Usamos o tempo e não o vemos passar, de modo a trazer até aos nossos dez mil fiéis leitores de cada edição uma revista de cinema que evidencie-se pela originalidade, criatividade e independência. Como é regra desde há exactamente um ano, dia 8 de Fevereiro de 2008 para ser mais preciso, data de lançamento – ou deverei dizer nascimento – do número zero da Take Cinema Magazine, nenhum lugar nos agrada tanto como aquele em que ainda não estamos. Só com este desejo veemente de glória e de sermos lidos por muitos mais milhares do que aqueles que já o fazem, conseguiremos inovar e retribuir a confiança daqueles que nos dão forças para sobreviver: vocês mesmos, que nos seguem atentamente e que regularmente enviam e-mails com sugestões e simpáticas palavras de apoio.

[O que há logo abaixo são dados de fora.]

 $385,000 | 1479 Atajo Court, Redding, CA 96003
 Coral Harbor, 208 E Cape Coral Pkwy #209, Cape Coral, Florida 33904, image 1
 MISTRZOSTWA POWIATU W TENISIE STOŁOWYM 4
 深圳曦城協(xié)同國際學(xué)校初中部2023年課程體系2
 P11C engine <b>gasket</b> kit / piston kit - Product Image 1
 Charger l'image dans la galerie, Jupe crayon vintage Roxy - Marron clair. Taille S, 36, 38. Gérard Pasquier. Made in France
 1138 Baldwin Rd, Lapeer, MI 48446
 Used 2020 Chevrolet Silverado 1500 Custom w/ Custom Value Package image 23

Muitos foram os que lutaram e ficaram em branco várias noites para não permitir que este projecto caísse em esquecimento. Sem demérito para nenhum deles, um, acima de todos os outros, merece um destaque especial. Falo de José Soares, director, fundador, paginador, fotógrafo e tudo o mais que é preciso ser quando não existem mundos nem fundos que garantam o saudável funcionamento de uma publicação escrita. A ele, e em nome de toda uma equipa de colaboradores que assegura conteúdos e sente-se honrada por fazer parte deste projecto, um sentido obrigado pelo esforço. A todos os colaboradores, um agradecimento ainda mais fervoroso pelo amor à camisola, por milhões de caracteres que nada renderam monetariamente mas que justificaram todos os elogios e todas as portas que certamente se abrirão no futuro.

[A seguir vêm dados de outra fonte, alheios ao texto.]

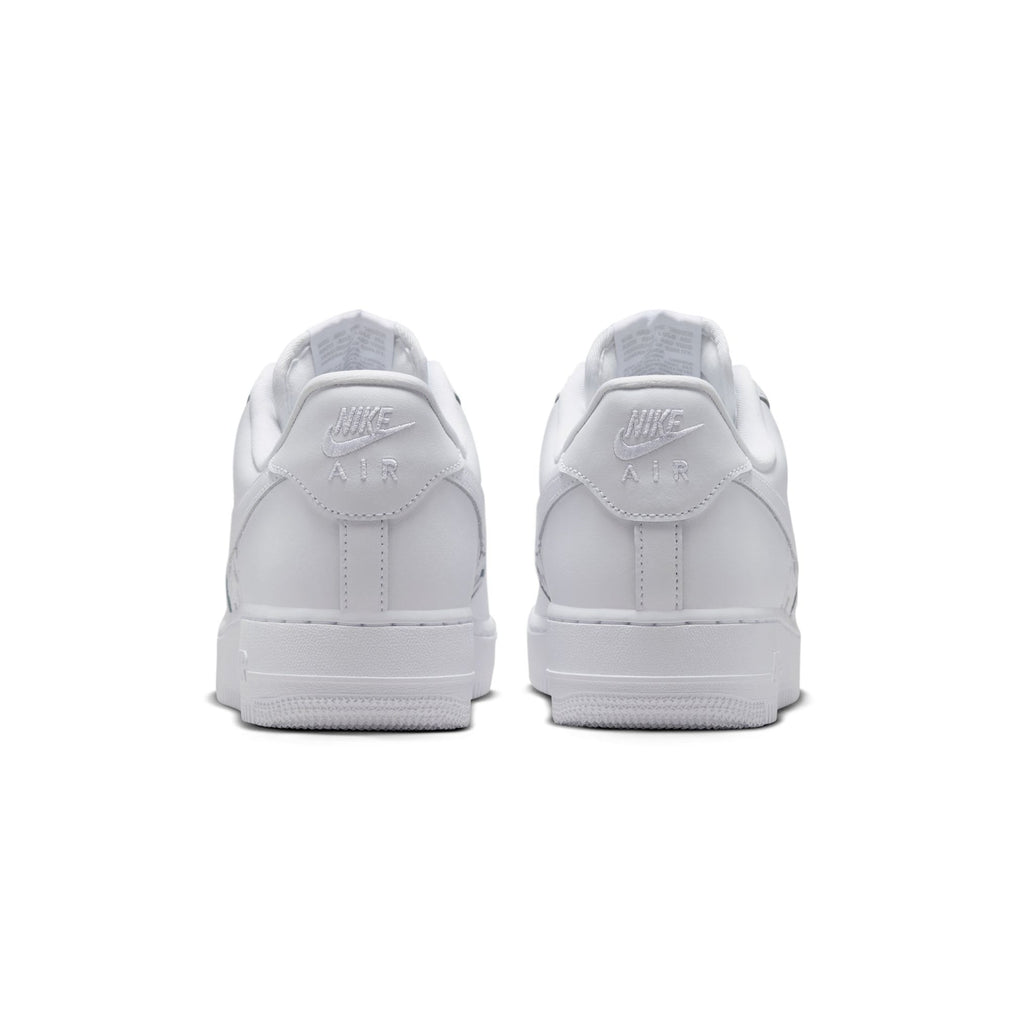 Men's Nike Air Force 1 '07 Shoes - product image from the listing.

E agora, um ano depois, que lições colhemos desta experiência? Várias, entre elas a que nem sempre demos passos na direcção correcta ou confiámos nas pessoas certas. Ou que, com a ânsia de não falhar com os que já nos acompanhavam, não tenhamos feito o melhor de nós para atrair novas atenções. Mas a verdade é que o que está feito, está feito. E citando o general francês Pierre de Laclos, uma oportunidade falhada pode reencontrar-se, ao passo que jamais se recupera de uma tentativa precipitada. O futuro? Está nas vossas mãos.